Putting America on Wheels

PUTTING AMERICA ON WHEELS

The Beginning of Business

On May 31, 1921, the Ford Motor Company turned out Car No. 5,000,000. It is out in my museum along with the gasoline buggy that I began work on thirty years before and which first ran satisfactorily along in the spring of 1893. I was running it when the bobolinks came to Dearborn and they always come on April 2nd. There is all the difference in the world in the appearance of the two vehicles and almost as much difference in construction and materials, but in fundamentals the two are curiously alike—except that the old buggy has on it a few wrinkles that we have not yet quite adopted in our modern car. For that first car or buggy, even though it had but two cylinders, would make twenty miles an hour and run sixty miles on the three gallons of gas the little tank held and is as good today as the day it was built. The development in methods of manufacture and in materials has been greater than the development in basic design. The whole design has been refined; the present Ford car, which is the “Model T,” has four cylinders and a self-starter—it is in every way a more convenient and an easier riding car. It is simpler than the first car. But almost every point in it may be found also in the first car. The changes have been brought about through experience in the making and not through any change in the basic principle—which I take to be an important fact demonstrating that, given a good idea to start with, it is better to concentrate on perfecting it than to hunt around for a new idea. One idea at a time is about as much as anyone can handle.
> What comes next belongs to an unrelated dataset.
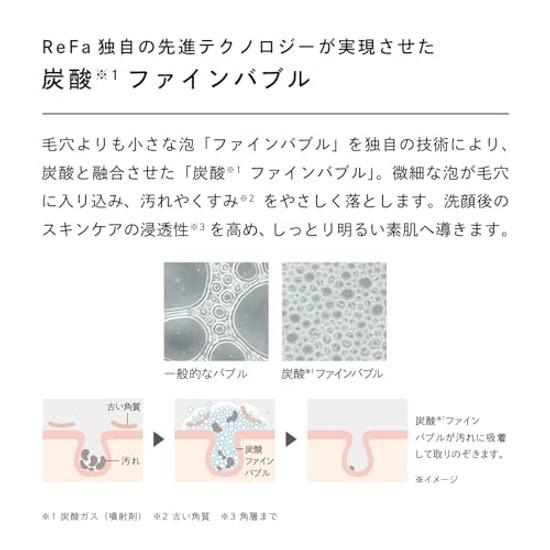 ReFa Spa Foam Wash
It was life on the farm that drove me into devising ways and means to better transportation. I was born on July 30, 1863, on a farm at Dearborn, Michigan, and my earliest recollection is that, considering the results, there was too much work on the place. That is the way I still feel about farming. There is a legend that my parents were very poor and that the early days were hard ones. Certainly they were not rich, but neither were they poor. As Michigan farmers went, we were prosperous. The house in which I was born is still standing, and it and the farm are part of my present holding.